In fact, I would say 'style' was one of the most important ingrediants for many of the movies listed above like "The Magic Christian", "The Ruling Class" and "Brazil".


----------



## lcaillo (May 2, 2006)

I think you are on to something with the concept of "style", but how would you break that down a bit? For instance, with the two movies I suggested, what gives BT style that TWATG lacks? I think that the latter perhaps tried to cover too much ground and reproduce too many of the scenes from the book without getting the depth of character that Being There developed, but I am not very good at this kind of review. Give me a schematic to follow or a problem to solve and you guys can do the right brain stuff.


----------



## Richard W. Haines (Jul 9, 2007)

Style is one of those categories like obscenity. You know it when you see it. It isn't anything
specific or universal. It has to be appropriate for the movie in question. For example, "Brazil" had those cluttered
compositions and angles that Gilliam was famous for which helped make the viewer feel disoriented which was part of the theme. "The Magic Christian" used fantasy sequences with psychedelic colors
to jolt the viewer, then returned to a normal setting. The train scene when the pompous comuter
is brought into the disco with Sellers dressed in a nun's habit with flashing strobe lights is an example.
The concept was to make the audience unsure of what was real. 

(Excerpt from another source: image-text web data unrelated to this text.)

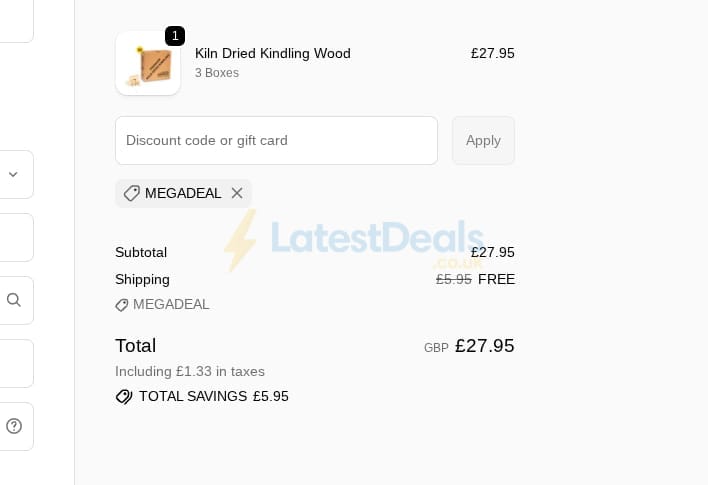 Screenshot of the Lekto Wood Fuels discount code working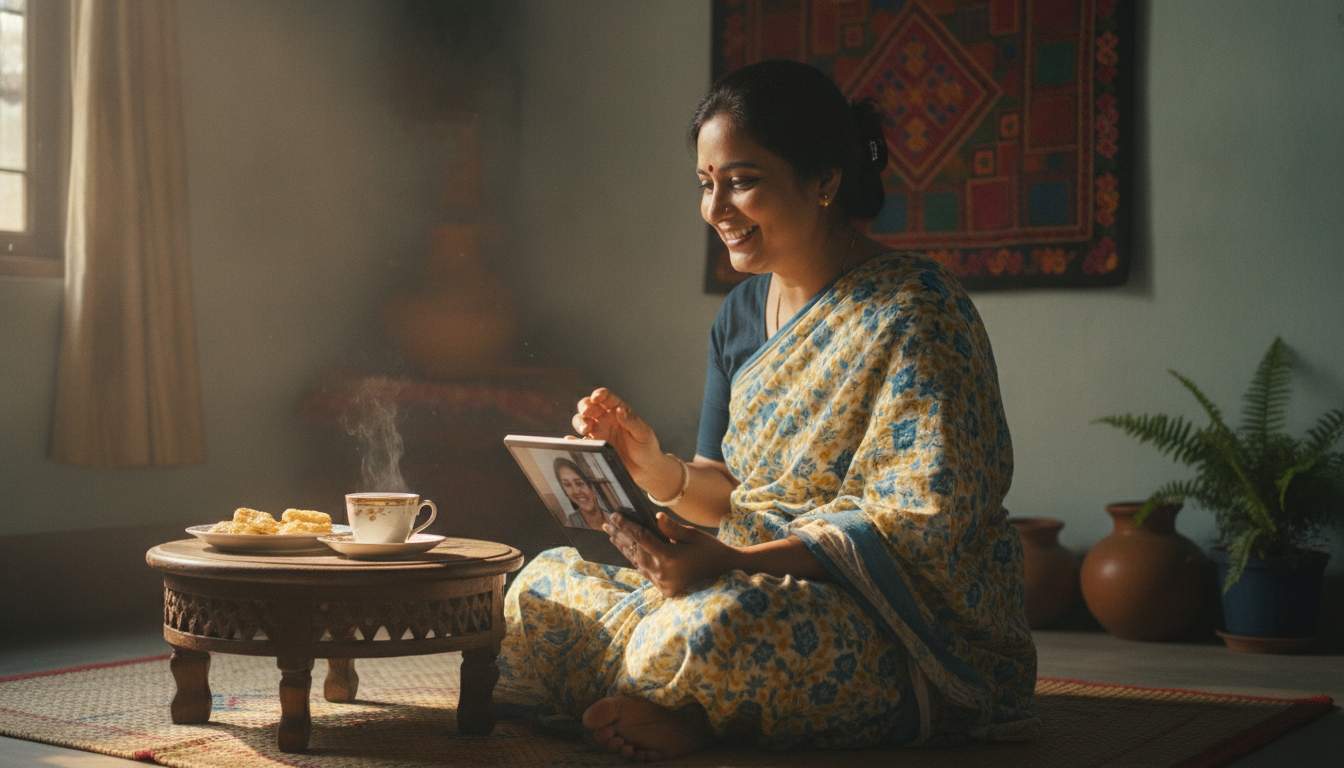 Bangladeshi woman joining a friendly live video session from home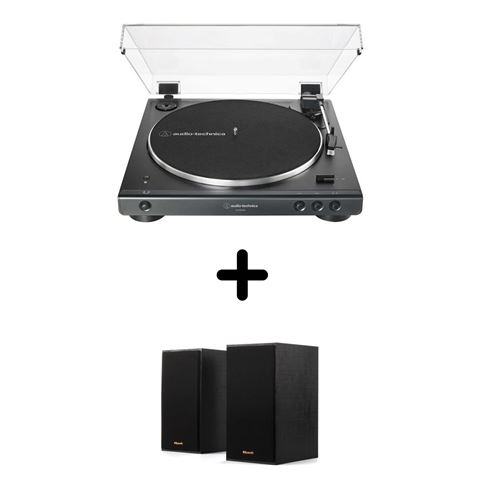 Platine vinyle Audio-Technica AT-LP60XBTBK Noir + Enceintes amplifiées Bluetooth Klipsch R-41PM Noir vendues par paire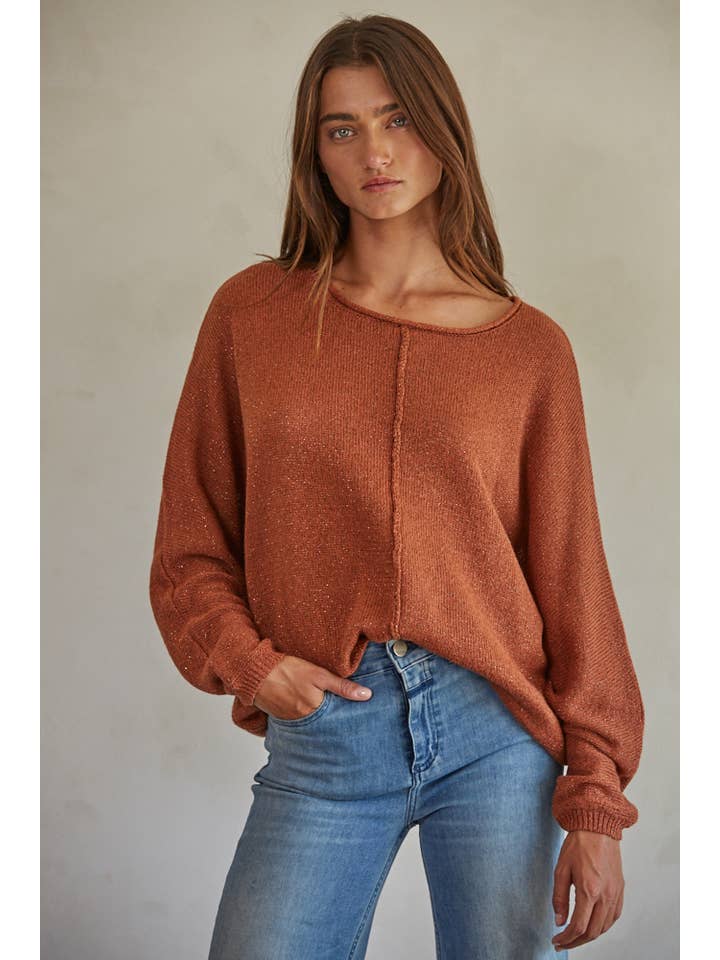 By Together - Wholesale Knit Sweater - Women's - W1769 | Knit Sweater Lurex Ribbed Pullover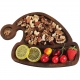 Farfurie cu Tematica de Craciun, din Lemn, Margini Rotunjite, Model Caciula de Mos, Maro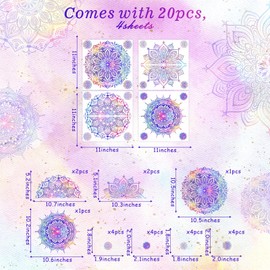 Kazova Mandala Wall Art Decals Color Mandala Wall Stickers Mandala Wall Decal Flower Wall Sticker Heart Chakra Window Decal Yoga Lotus Wall Decor Removable Mandala Wall Sticker Headboard Wall Sticker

"Being There" was shot in a deadpan manner with very bland compositions that made the story effective. In order for the Sellers character to be misinterperted as a sage, the setting had to
look very normal and ordinary. A similar style was used for "Garp" but it didn't work in that case. The story wasn't about interperting 'normalcy' but rather people who have an off kilter look at life. They needed some off kilter compositions and photography to illustrate this in my opinion. I agree that they
tried to cram too much narrative from the book into the film and lost their focus at times. Sometimes
it's better to center on just a few incidents to illustrate your point when you have an episodic structure.



"The Illustrated Man" was also unique. The framing story was filmed in a defussed lighting style with muted color making it seem like a dream. The stories were shot with high key lighting and garish primary colors to contrast it with the prologue and epilogue.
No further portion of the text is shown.